As for cooking with fresh scapes, see my recipes here.
June 15, 2014
These days I do not only go down to my garden to check on things. I go there to take in the scent of the mock orange next to the garden. When it is not blooming, it is an unspectacular sight but its blossoms with their intoxicating fragrance make mock orange one of my favorite shrubs.
When I smell mock orange, I feel transported back to my Tunisian grandmother’s elevated courtyard garden, which had a couple of orange trees. My grandmother died thirty years ago yet when I stand under the blooming shrub I remember it as clearly as ever.
To let the lovely fragrance linger for longer, when I walk back to the house I usually stick a twig with blossoms behind my ear, like the jasmine vendors do in Tunisia. And, of course, I cut a few twigs to put in a vase or to float in a bowl of water.
Mock orange (Philadelphus lewisii) is easy to grow. I started mine from a root sucker taken from a friend’s huge bush that must be 50 years old. It needs space though, it can grow up to 10 feet high and wide and once established, it grows quickly. Mock orange is native to the Western US.
I cannot grow oranges in my garden but I can have a mock orange. And in the winter, I often make Tunisian Orange Cake, dreaming of the time when the mock orange will bloom again.
May 10, 2014
It does not happen too often that I see something and have the instant, burning desire to own it. Yet when I first saw a terracotta rhubarb forcer in a magazine a few years ago I wanted one. Not only would it supply us with rhubarb from the garden several weeks earlier, the tall cloche just looked beautiful, like an ancient relic in the garden.
I have always loved rhubarb. As a child in Germany I ate it until my teeth hurt, preferably with Dr. Oetker vanilla pudding, ice-cold from the fridge and straight from the serving bowl. Rhubarb was one of the first things I planted when I started my kitchen garden ten years ago.
Unable to find a rhubarb forcer for sale, I looked into getting one from the UK where rhubarb forcers originate. Most of the world’s rhubarb forcing is done in the “Rhubarb Triangle” in Yorkshire, where it is grown in special forcing sheds.
It would have been prohibitively expensive to have a heavy and fragile 2-feet high rhubarb forcer shipped to the US. My attempts to find a local pottery that could make one also ended nowhere. This spring, I finally gave up on the rhubarb forcer. However, not on the idea of rhubarb forcing!

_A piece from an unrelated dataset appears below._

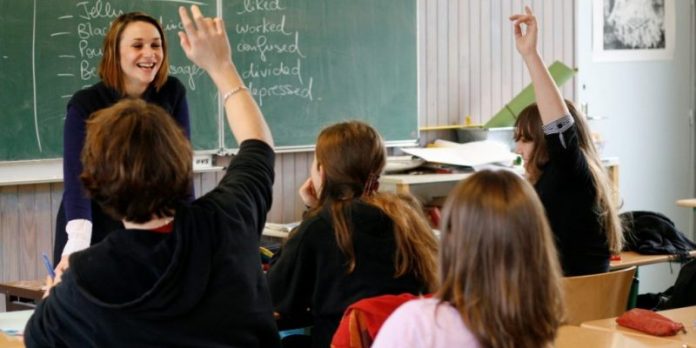 Cours de langue avec des élèves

I bought a large round black plastic tub for 5 dollars. Although not a pretty sight in my garden, it did the job. And if I am perfectly honest to myself this was the best solution anyway; the terracotta would not have withstood our cold winters, and I would have to haul the beast to the frost-free basement every year.
Terracotta rhubarb forcers have lids, so they are not airtight. I burned two small holes in the bottom of the tub with a nail heated over a lighter and placed the tub over one of my two rhubarb plants when the ground was still frozen in March. Then I tucked a thick layer of straw around the tub and placed a rock on top so it would not blow over.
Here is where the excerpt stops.